**TASK DIRECTIONS:**
After finding the line with "four people cheers" in the data below, set down exactly each line through the one with "A high-angle view", inclusive, and stop there.
====== MATERIALS PROVIDED
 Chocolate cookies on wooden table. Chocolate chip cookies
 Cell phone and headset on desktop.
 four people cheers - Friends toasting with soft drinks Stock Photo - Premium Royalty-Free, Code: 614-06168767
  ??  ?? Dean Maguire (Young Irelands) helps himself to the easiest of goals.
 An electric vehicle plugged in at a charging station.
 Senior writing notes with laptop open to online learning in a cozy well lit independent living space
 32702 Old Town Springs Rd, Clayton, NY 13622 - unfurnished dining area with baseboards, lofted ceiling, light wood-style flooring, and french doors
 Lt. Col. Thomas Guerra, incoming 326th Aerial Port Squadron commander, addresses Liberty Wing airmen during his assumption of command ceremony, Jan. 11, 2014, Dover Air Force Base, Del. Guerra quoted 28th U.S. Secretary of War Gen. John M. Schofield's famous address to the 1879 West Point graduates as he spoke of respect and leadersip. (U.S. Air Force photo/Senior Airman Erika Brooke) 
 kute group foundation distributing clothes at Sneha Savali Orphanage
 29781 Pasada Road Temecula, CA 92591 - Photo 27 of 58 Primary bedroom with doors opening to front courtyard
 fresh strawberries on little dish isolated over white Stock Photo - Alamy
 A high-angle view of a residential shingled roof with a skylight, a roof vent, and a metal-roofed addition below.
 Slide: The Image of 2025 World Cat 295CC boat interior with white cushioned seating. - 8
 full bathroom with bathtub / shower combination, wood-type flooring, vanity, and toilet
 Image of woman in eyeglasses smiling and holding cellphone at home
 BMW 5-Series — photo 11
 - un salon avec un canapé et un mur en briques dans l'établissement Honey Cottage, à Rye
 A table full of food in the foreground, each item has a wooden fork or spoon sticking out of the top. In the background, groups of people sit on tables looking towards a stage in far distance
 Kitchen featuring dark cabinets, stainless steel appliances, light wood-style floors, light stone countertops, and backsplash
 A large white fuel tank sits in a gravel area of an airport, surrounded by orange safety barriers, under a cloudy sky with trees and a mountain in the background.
============
**TASK OUTPUT:**
 four people cheers - Friends toasting with soft drinks Stock Photo - Premium Royalty-Free, Code: 614-06168767
  ??  ?? Dean Maguire (Young Irelands) helps himself to the easiest of goals.
 An electric vehicle plugged in at a charging station.
 Senior writing notes with laptop open to online learning in a cozy well lit independent living space
 32702 Old Town Springs Rd, Clayton, NY 13622 - unfurnished dining area with baseboards, lofted ceiling, light wood-style flooring, and french doors
 Lt. Col. Thomas Guerra, incoming 326th Aerial Port Squadron commander, addresses Liberty Wing airmen during his assumption of command ceremony, Jan. 11, 2014, Dover Air Force Base, Del. Guerra quoted 28th U.S. Secretary of War Gen. John M. Schofield's famous address to the 1879 West Point graduates as he spoke of respect and leadersip. (U.S. Air Force photo/Senior Airman Erika Brooke) 
 kute group foundation distributing clothes at Sneha Savali Orphanage
 29781 Pasada Road Temecula, CA 92591 - Photo 27 of 58 Primary bedroom with doors opening to front courtyard
 fresh strawberries on little dish isolated over white Stock Photo - Alamy
 A high-angle view of a residential shingled roof with a skylight, a roof vent, and a metal-roofed addition below.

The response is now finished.